*** Block opens ***

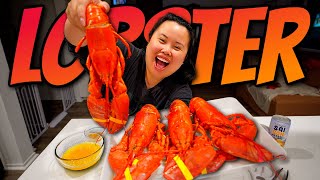 GIANT LOBSTER SEAFOOD BOIL MUKBANG 먹방 EATING SHOW  WHOLE LOBSTER  ASMR EATING  ASMR SOUNDS [upl. by Yecaj]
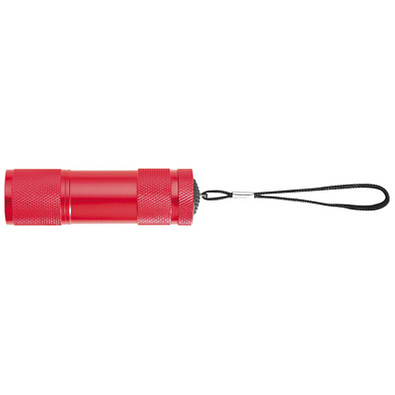 Taschenlampe aus Aluminium mit 9 LEDs, inkl. Batterien in einer Box, rot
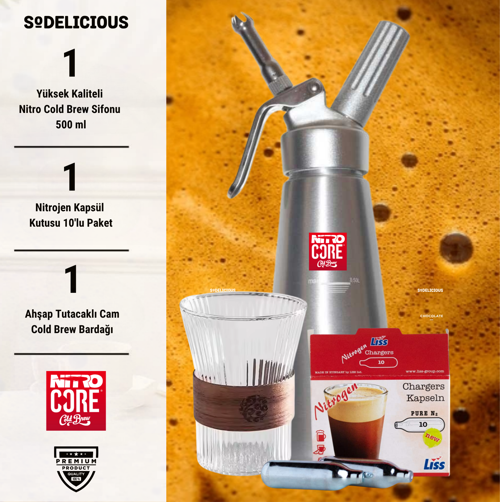 NitroCore Nitro Kahve Demleme Seti – 500 ml Paslanmaz Çelik Sifon + 10’lu Nitrojen Kartuş + 1 Cold Brew Bardak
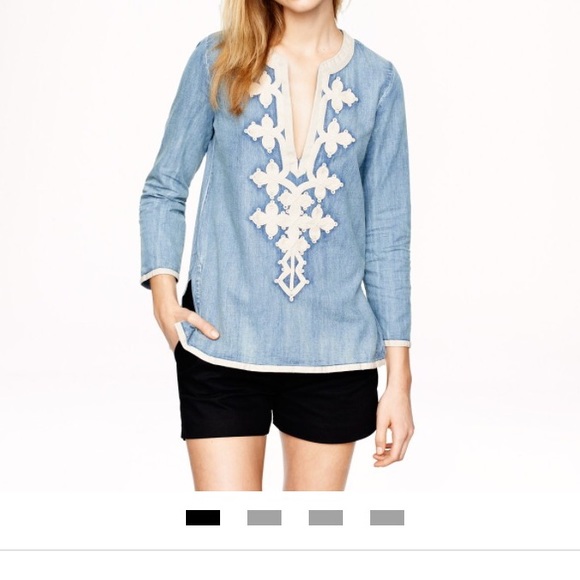 J. Crew Tops - J. Crew Embroidered Tunic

*** Block closes ***

• _TASK DETAILS_
Each line of the material needs to be given again exactly, without any of its pictures.

• _YOUR RESPONSE_
 GIANT LOBSTER SEAFOOD BOIL MUKBANG 먹방 EATING SHOW  WHOLE LOBSTER  ASMR EATING  ASMR SOUNDS [upl. by Yecaj]
 Taschenlampe aus Aluminium mit 9 LEDs, inkl. Batterien in einer Box, rot
 NitroCore Nitro Kahve Demleme Seti – 500 ml Paslanmaz Çelik Sifon + 10’lu Nitrojen Kartuş + 1 Cold Brew Bardak
 J. Crew Tops - J. Crew Embroidered Tunic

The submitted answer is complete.